Try and go to a meeting w/ her, it will help you understand the situation better. be careful, drug addicts can be devious, its not who we are, its what the drugs make us do.

Keep us updated, take things slow, and be careful.

What are you in grad school for, You are doing something w/ your life which is great.


12/05/2010 09:15 PM
thesoaringeagle
thesoaringeagle  
Posts: 12
Member

Hi Ana,

The children are actually with their father. I am not certain if he has a history of use or not, but as far as I know he actually does not use currently. The facility that she lives in does not allow children to stay with their mothers who live there, but does allow visits.

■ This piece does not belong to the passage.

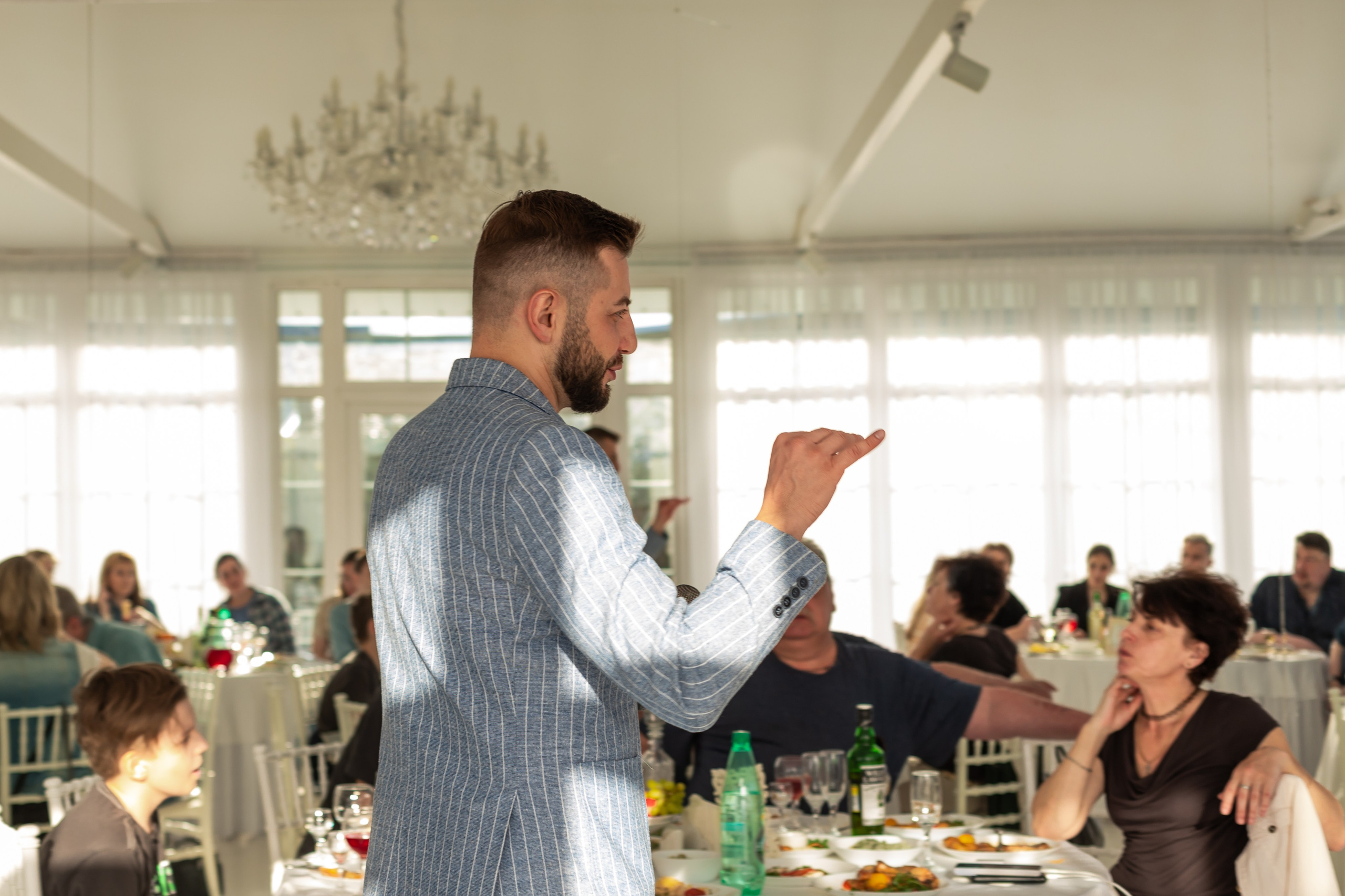 Юбилей Сергея. Марина Шаймухаметова. Фотограф в Уфе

And yes, she did visit her children this weekend.

Will keep you updated...back to work I go Smile


12/05/2010 09:51 PM
Blecan
 
Posts: 70
Member

I know the heartache that comes with loving an addict, you have to understand that we can love them to death also buy trying to save them from themselves, in times of relaps we offer help in the way of support for recovery only!

Hardest thing I ever had to do but grateful to have trust the process.

Blessings.


12/07/2010 11:10 AM
BrandiJo
 
Posts: 1584
Senior Member

i too know the pain of being in love with an addict. my late husband was an addict. i didnt have the chance to figure this out and save him. he OD'd and pasted at the age of 21. my only advice would be to keep your eyes open and dont wear your heart on your sleeve. addicts are good at manipulating there life into getting anything and everything they want. sooo be careful!

welcome to the group. we are here for you.... if you have any questions please ask away. we have been there and done that. learn from our mistakes!


12/08/2010 11:14 AM
thesoaringeagle
thesoaringeagle  
Posts: 12
Member

Thanks guys Smile Will follow up with those who have sent me messages in the past couple of days tonight or tomorrow.